Your task —
Return the data exactly, apart from leaving out the pictures.

Data provided —
==========

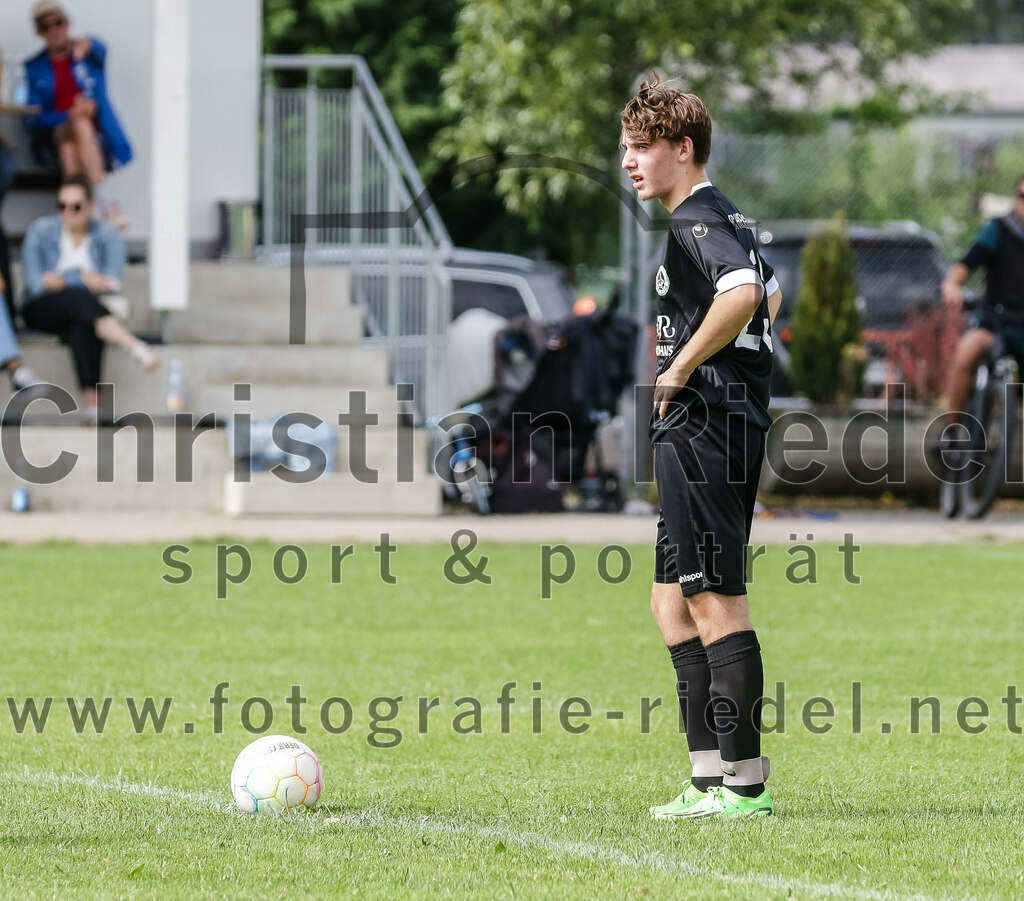 2023-07-02_099_SV_Walpertskirchen_gegen_FC_Herzogstadt | Walpertskirchen, Deutschland, 02.07.2023:
Fußball, Kreisliga 2023 / 2024, Testspiel, SV Walpertskirchen gegen FC Herzogstadt, Endergebnis: 

Philipp Schmitt (FC Herzogstadt, #23)

Foto: Christian Riedel / fotografie-riedel.net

==========

Task solution —
 2023-07-02_099_SV_Walpertskirchen_gegen_FC_Herzogstadt | Walpertskirchen, Deutschland, 02.07.2023:
Fußball, Kreisliga 2023 / 2024, Testspiel, SV Walpertskirchen gegen FC Herzogstadt, Endergebnis: 

Philipp Schmitt (FC Herzogstadt, #23)

Foto: Christian Riedel / fotografie-riedel.net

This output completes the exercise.